# Preacher's Son!



## Brian R. VanCise (Nov 12, 2007)

*An old country preacher had a teenage son, and it was getting time the boy should give some thought to choosing a profession. Like many young men, the boy didn't really know what he wanted to do, and he didn't seem too concerned about it.*

*One day, while the boy wa s away at school, his father decided to try an experiment. He went into the boy's room and placed on his study table four objects:*

*a Bible*
*a silver dollar*
*a bottle of whisky*
*a Playboy magazine.*

*"I'll just hide behind the door," the old preacher said to himself, "when he comes home from school this afternoon, I'll see which object he picks up. If it's the Bible, he's going to be a preacher like me, and what a blessing that would be! If he picks up the dollar, he's going to be a businessman, and that would be okay, too. But if he picks up the bottle, he's going to be a no-good drunkard, and, Lord, what a shame that would be. And worst of all, if he picks up that magazine he's gonna be a skirt-chasin' bum."*

*The old man waited anxiously, and soon heard his son's footsteps as he entered the house whistling and headed for his room. The boy tossed his books on the bed, and as he turned to leave the room he spotted the objects on the table. With curiosity in his eye, he walked over to inspect them. Finally, he picked up the Bible and placed it under his arm. He picked up the silver dollar and dropped it into his pocket. He uncorked the bottle and took a big drink while he admired this month's centerfold.*

*"Lord have mercy," the old preacher disgustedly whispered, "he's gonna run for Congress*


----------



## Drac (Nov 12, 2007)

Lol...


----------



## tellner (Nov 12, 2007)

Nope. Not Congress. It looks like he's going to be a televangelist


----------



## theletch1 (Nov 12, 2007)

tellner said:


> Nope. Not Congress. It looks like he's going to be a televangelist


Yeah, see, I was waiting for the punchline to be Catholic priest.


----------



## bookworm_cn317 (Nov 12, 2007)

theletch1 said:


> Yeah, see, I was waiting for the punchline to be Catholic priest.


 

It wouldn't have been a Catholic priest--Playboy's the wrong magazine! ::Bookworm quickly realizes she's getting REALLY disturbing and shuts up.::


----------



## tellner (Nov 12, 2007)

theletch1 said:


> Yeah, see, I was waiting for the punchline to be Catholic priest.

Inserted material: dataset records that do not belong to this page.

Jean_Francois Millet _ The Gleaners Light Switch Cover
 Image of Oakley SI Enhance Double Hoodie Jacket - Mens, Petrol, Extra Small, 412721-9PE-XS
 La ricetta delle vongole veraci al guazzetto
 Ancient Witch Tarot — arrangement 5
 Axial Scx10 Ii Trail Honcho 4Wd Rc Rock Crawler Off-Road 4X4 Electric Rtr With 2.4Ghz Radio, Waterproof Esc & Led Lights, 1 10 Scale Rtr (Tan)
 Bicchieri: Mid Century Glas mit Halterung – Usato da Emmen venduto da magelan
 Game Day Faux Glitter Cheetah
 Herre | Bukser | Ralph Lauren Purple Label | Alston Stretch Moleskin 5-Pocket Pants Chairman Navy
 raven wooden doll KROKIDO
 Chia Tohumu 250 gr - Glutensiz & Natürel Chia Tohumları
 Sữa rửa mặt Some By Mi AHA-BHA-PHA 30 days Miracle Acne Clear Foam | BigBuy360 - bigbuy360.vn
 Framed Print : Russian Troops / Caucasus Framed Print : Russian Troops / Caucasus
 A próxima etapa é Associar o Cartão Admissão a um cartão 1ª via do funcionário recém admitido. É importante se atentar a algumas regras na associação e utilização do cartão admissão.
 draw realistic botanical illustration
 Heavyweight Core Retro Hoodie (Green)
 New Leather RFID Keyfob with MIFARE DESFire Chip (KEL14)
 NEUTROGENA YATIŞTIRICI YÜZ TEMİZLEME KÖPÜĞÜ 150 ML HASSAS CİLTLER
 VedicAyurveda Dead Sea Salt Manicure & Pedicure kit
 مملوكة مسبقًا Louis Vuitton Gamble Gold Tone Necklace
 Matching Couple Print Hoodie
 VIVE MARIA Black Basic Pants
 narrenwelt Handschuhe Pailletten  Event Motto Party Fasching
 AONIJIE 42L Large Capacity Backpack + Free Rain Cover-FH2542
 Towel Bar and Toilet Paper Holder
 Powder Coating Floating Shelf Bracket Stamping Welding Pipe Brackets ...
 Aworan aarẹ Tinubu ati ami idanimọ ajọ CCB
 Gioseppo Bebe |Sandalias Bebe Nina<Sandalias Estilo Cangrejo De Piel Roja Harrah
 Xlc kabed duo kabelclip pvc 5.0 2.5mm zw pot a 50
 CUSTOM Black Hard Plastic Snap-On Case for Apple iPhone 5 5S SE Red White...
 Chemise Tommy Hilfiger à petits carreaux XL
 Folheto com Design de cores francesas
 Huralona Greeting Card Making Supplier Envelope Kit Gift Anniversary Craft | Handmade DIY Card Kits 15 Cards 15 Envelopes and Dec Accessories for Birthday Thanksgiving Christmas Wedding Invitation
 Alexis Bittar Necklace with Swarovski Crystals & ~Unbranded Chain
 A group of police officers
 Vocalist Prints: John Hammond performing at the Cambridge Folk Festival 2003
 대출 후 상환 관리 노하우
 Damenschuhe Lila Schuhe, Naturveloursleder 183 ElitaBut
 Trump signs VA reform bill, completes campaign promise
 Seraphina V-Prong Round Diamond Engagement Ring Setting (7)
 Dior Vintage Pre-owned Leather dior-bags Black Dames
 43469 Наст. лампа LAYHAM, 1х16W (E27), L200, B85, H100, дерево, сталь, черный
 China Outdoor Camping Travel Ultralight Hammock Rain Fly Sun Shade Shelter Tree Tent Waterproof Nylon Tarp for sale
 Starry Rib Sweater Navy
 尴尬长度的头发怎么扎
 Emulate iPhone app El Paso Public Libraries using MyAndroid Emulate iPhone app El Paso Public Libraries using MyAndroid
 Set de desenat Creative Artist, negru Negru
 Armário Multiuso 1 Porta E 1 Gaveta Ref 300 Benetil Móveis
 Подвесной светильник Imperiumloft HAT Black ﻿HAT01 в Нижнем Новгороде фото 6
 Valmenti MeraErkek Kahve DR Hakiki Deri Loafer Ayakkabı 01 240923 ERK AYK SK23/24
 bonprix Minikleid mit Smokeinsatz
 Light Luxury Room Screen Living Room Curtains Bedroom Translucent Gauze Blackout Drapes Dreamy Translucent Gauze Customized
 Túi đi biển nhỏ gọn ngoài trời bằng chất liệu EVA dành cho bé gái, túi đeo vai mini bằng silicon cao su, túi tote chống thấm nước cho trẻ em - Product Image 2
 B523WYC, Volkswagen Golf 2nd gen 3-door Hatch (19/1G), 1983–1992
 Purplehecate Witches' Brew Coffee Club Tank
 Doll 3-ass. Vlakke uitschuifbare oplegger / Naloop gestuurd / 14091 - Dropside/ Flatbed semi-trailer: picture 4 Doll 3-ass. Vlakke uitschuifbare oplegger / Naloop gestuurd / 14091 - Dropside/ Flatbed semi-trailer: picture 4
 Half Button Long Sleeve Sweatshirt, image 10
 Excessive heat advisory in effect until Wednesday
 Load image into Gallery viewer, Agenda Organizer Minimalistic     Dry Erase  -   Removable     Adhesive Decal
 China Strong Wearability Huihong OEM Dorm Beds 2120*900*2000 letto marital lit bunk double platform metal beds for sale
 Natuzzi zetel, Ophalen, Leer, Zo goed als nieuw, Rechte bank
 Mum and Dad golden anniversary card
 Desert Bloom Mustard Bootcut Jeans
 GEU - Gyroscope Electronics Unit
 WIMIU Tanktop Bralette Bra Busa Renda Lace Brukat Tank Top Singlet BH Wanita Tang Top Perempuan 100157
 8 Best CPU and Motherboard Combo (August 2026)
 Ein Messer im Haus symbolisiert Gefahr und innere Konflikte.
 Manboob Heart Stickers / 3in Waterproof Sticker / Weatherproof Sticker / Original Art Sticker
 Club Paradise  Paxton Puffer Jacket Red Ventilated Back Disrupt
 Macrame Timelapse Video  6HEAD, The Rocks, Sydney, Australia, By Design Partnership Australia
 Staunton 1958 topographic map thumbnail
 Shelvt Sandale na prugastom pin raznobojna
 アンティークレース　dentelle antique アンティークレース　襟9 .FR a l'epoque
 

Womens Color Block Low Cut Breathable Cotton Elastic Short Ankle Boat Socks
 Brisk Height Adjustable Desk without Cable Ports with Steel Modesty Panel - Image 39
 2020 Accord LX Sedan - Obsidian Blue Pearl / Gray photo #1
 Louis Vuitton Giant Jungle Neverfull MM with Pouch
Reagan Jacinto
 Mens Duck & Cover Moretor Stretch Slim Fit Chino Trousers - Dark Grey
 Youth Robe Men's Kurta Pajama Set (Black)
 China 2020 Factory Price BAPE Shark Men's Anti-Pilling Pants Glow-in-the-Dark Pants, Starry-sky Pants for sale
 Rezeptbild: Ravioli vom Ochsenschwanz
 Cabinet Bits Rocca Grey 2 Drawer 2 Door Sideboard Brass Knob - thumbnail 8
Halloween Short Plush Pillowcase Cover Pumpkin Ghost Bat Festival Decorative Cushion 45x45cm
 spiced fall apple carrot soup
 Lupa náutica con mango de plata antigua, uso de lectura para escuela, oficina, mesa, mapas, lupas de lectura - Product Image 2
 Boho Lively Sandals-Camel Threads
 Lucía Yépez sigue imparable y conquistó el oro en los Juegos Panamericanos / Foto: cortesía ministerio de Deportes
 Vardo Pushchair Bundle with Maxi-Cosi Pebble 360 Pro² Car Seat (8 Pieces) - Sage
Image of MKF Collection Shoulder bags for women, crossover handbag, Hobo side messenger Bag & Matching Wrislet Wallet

Only if it were _Boy's Life_ or _Collars and Closets_...


----------



## MA-Caver (Nov 13, 2007)

tellner said:


> Nope. Not Congress. It looks like he's going to be a televangelist



Yep that's the one alright!

But the question is... what was DAD doing with a bottle of whiskey and a playboy magazine? Hmmmmm.


----------



## thardey (Nov 13, 2007)

You know what they say:

"Whenever there are four Irish priests together, there's bound to be a fifth!"


----------



## crushing (Nov 13, 2007)

The boy hasn't lied about it yet, so I don't how one could assume he was going to be a politician.  So far, he is just a regular 'joe'.


----------